● **Supplied records**:
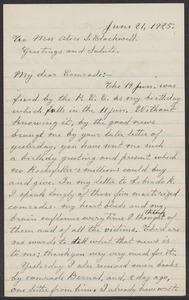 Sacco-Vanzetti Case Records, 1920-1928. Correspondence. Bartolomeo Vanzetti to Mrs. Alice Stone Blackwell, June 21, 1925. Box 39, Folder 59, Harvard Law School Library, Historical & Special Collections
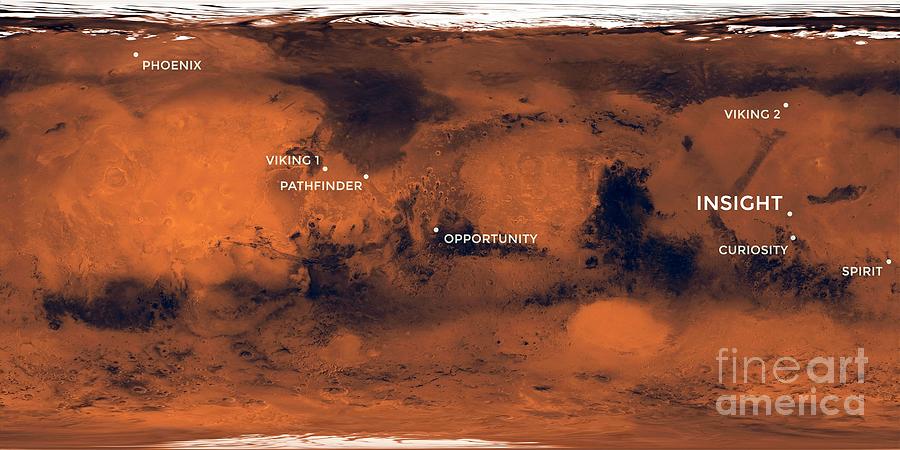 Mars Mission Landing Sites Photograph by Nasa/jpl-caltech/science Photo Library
* * *
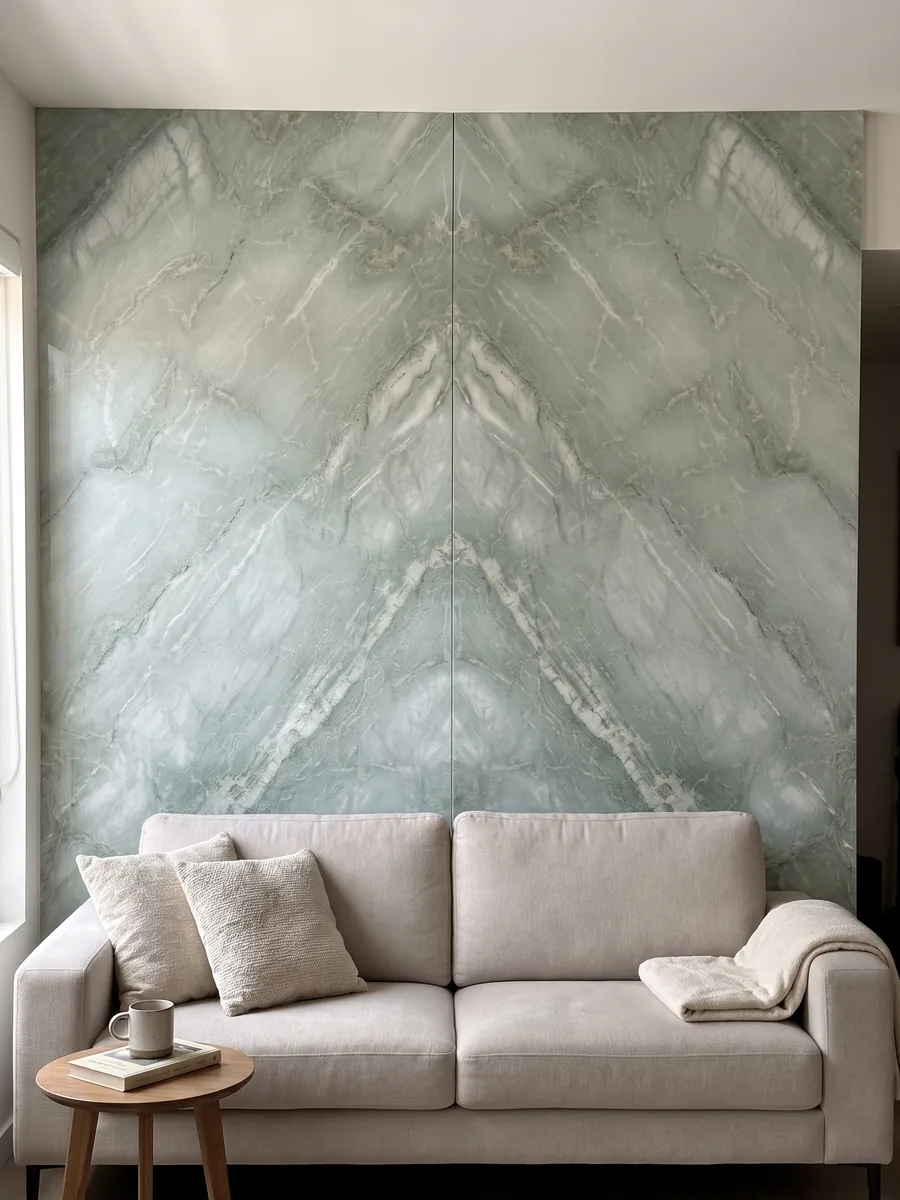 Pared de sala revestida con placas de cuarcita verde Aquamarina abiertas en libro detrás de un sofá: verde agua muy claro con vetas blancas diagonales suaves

● **What needs to be done**:
Would you copy the lines above exactly, starting with the one that has "Sacco-Vanzetti Case Records, 1920-1928." and ending with the one that has "Mars Mission Landing", both included, without the pictures?

● **Response to the task**:
 Sacco-Vanzetti Case Records, 1920-1928. Correspondence. Bartolomeo Vanzetti to Mrs. Alice Stone Blackwell, June 21, 1925. Box 39, Folder 59, Harvard Law School Library, Historical & Special Collections
 Mars Mission Landing Sites Photograph by Nasa/jpl-caltech/science Photo Library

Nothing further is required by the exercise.